Pokiwała głową z uznaniem.
– Cruiser. Nieźle. Ja właśnie kupiłam Yamahę YZF–R1 Supersport.
– Dostałaś już jakiś mandat? – zapytał Krystian, a ona uśmiechnęła się, ale potrząsnęła przecząco głową.
– Jak długo zamierzasz zostać w mieście? – zapytała Monika.
– Nie mam póki co żadnych planów, poza tym, że za pół roku wyjeżdżam z kraju – powiedział.
– Ale co będziesz robił dla pieniędzy? – Marysia wypaliła zdziwiona.
– Wspomniałem już, że jestem menadżerem do spraw inwestycji. W dalszym ciągu mam własne inwestycje, które generują wystarczające dochody, aby z nich żyć, jeśli będę się trzymać skromnego budżetu. Choć Warszawa nie jest miejscem, w którym można łatwo żyć skromnie.
– Nie martw się o Warszawę! Mówiłam Ci, jesteś moim gościem – powiedziała Hania z uśmiechem i poklepała go po dłoni. Otworzył usta, żeby zaprotestować, ale ona położyła drogie wypielęgnowane opuszki palców na jego ustach. Zamknął usta i pocałował jej palce.
– O czym to ja mówiłam?
Z roztargnieniem oblizała usta, obserwując jego usta.
– Zamierzałaś nam powiedzieć, co zaplanowałeś dla Krystiana… poza oczywistym… – powiedziała Ania, po czym przyłożyła dwa palce do twarzy i poruszała językiem między nimi.
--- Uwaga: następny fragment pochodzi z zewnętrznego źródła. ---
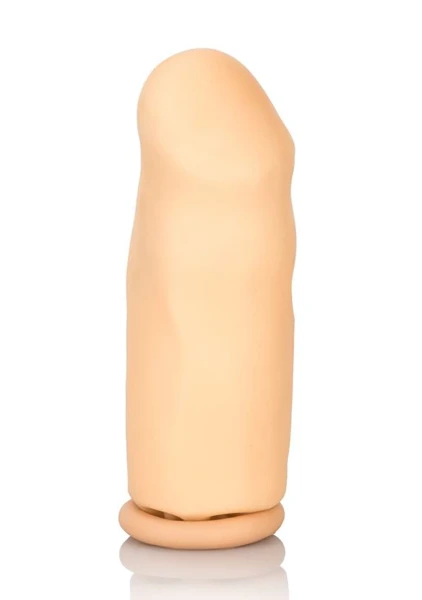 4 Inch Latex Extension - Ivory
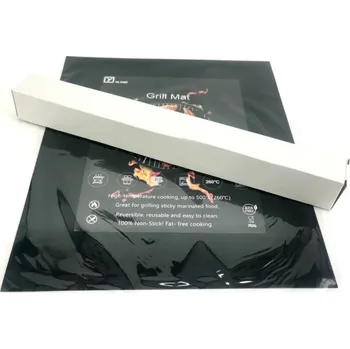 Příslušenství pro gril SURTEP, s. r. o. Teflonová podložka na grilování 40 x 33 cm Varianta: 0,4 mm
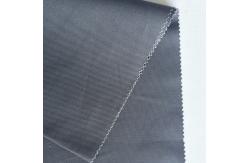 China Canvas Cotton Fabric Plain1/1 TC Polyester Cotton Fabric supplier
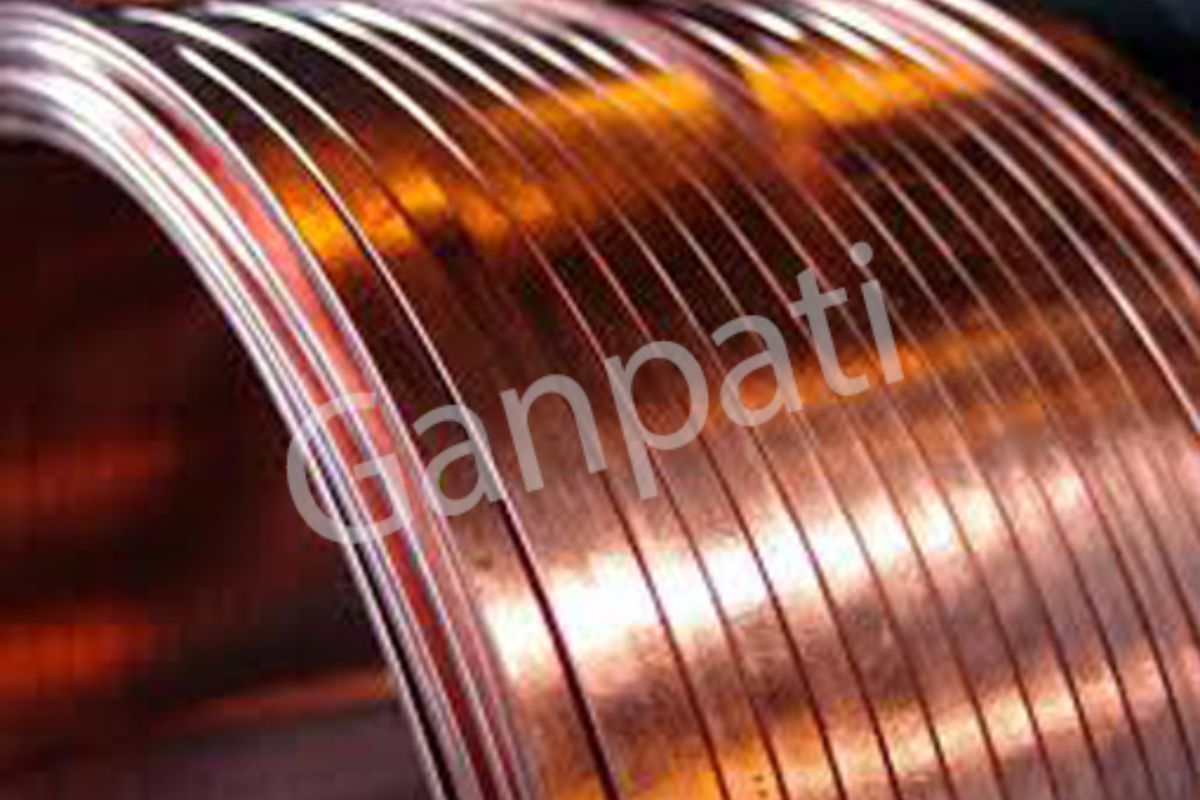 Unveiling The Types of Copper Strips: Exploring the Applications and Benefits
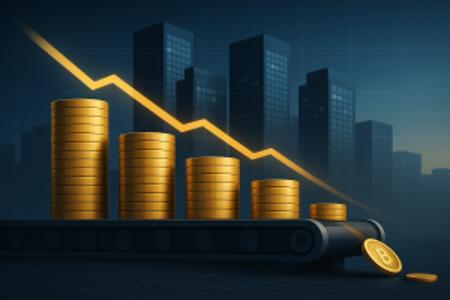 RWA市场规模逼近3000亿美元，比特币机构持仓仍稳增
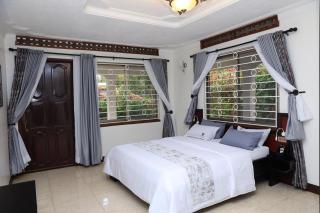 SKA the boutique b&b - Kampala - 6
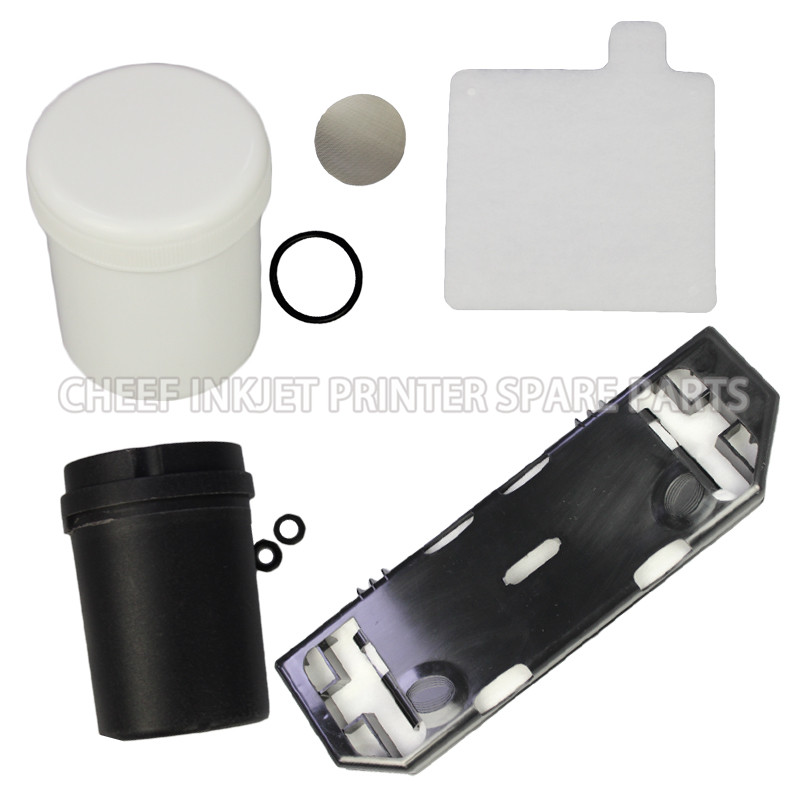 KIT FILTER A40489 machinery spare parts for Markem-imaje 9232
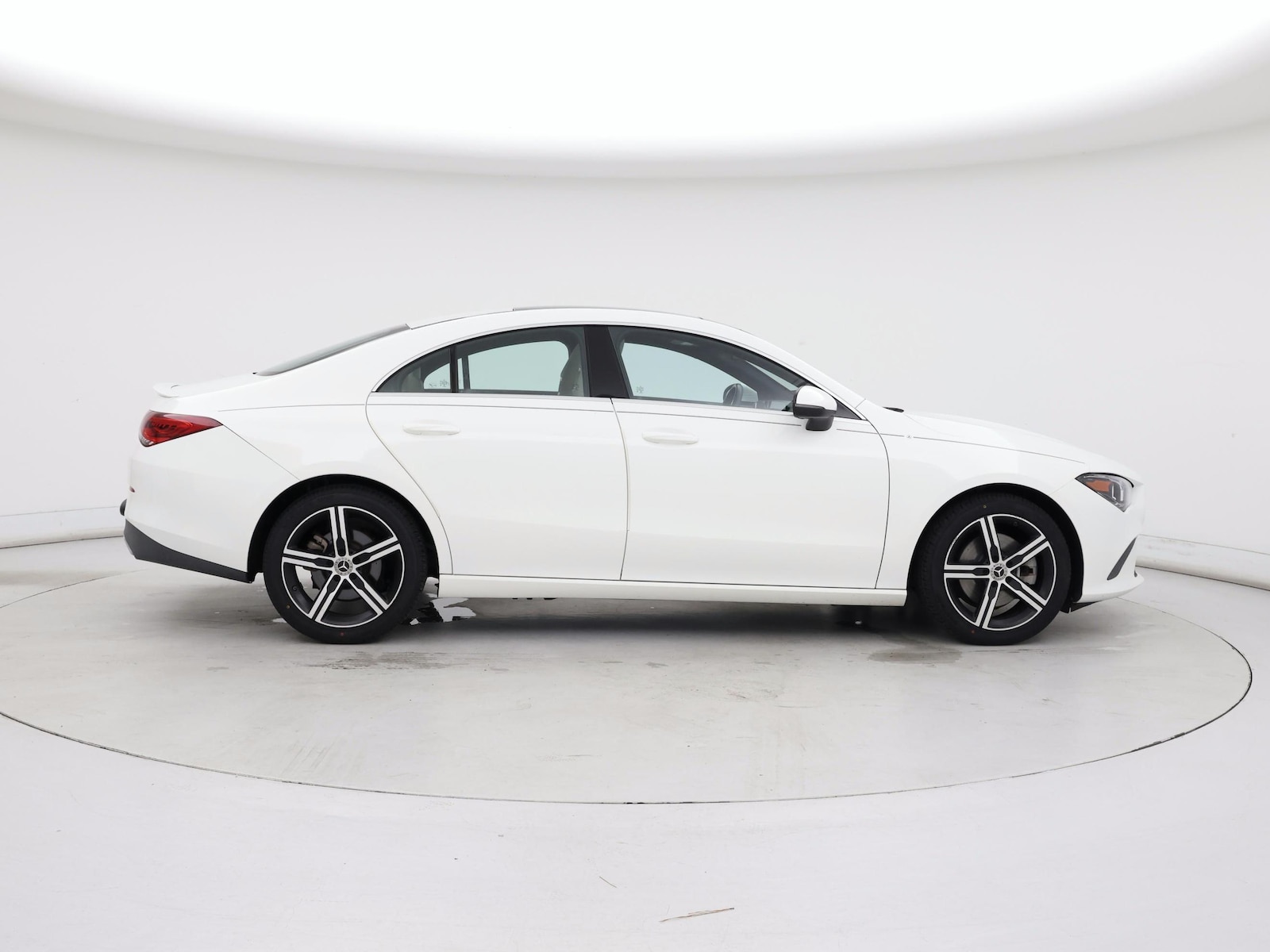 2020 Mercedes-Benz CLA CLA250 - Photo 8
Stół znów wybuchł głośnym śmiechem.
– Nie rób tego, Ania! Robię się mokra, gdy tylko sobie to wyobrażam! – Magda błagała żałośnie. Hania uniosła ręce i powoli się uspokoiły.
– Zabiorę go na koncert do warszawskiej Stodoły. Przejdziemy się też po Starówce. Możemy się wybrać na Mazury. Mam wiele rzeczy zaplanowanych dla Krystiana.
– O mój Boże! Mazury! Nie byłam tam od lat! Czy możemy pojechać z wami? – zapytała Magda.
– Nie wiem, czy Mazury przetrwają taki najazd – powiedziała Hania, patrząc na innych z udawanym zmartwieniem.